BEGIN DATA FOR PROCESSING

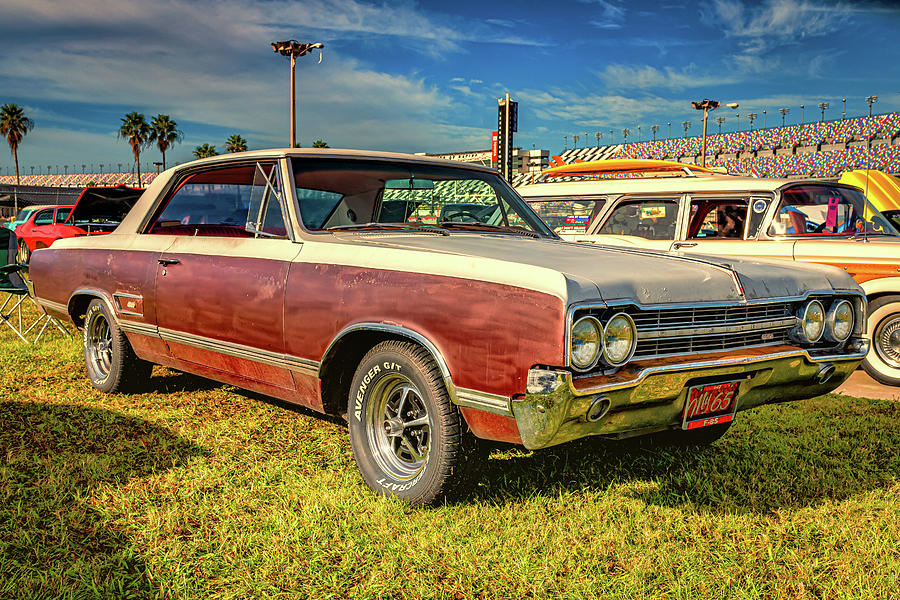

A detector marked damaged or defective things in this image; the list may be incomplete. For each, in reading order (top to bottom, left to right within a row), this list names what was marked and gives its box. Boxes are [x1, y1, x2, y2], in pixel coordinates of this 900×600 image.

rusty classic car [29, 149, 864, 502]
rusty classic car [520, 162, 900, 390]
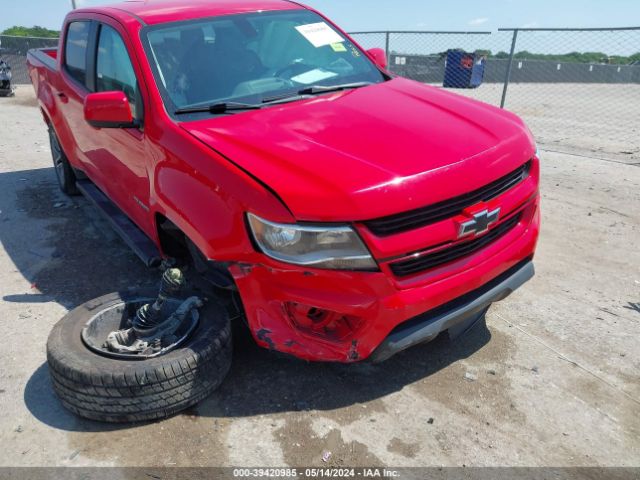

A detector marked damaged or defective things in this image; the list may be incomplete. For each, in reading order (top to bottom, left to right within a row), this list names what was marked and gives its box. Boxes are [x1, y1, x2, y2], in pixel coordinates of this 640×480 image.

detached front wheel [47, 288, 232, 420]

END DATA FOR PROCESSING

#### [EXERCISE REQUIREMENTS]
Please transcribe all of the records above exactly, leaving out any pictures.

#### [REPLY]
A detector marked damaged or defective things in this image; the list may be incomplete. For each, in reading order (top to bottom, left to right within a row), this list names what was marked and gives its box. Boxes are [x1, y1, x2, y2], in pixel coordinates of this 900×600 image.

rusty classic car [29, 149, 864, 502]
rusty classic car [520, 162, 900, 390]

A detector marked damaged or defective things in this image; the list may be incomplete. For each, in reading order (top to bottom, left to right within a row), this list names what was marked and gives its box. Boxes are [x1, y1, x2, y2], in pixel coordinates of this 640×480 image.

detached front wheel [47, 288, 232, 420]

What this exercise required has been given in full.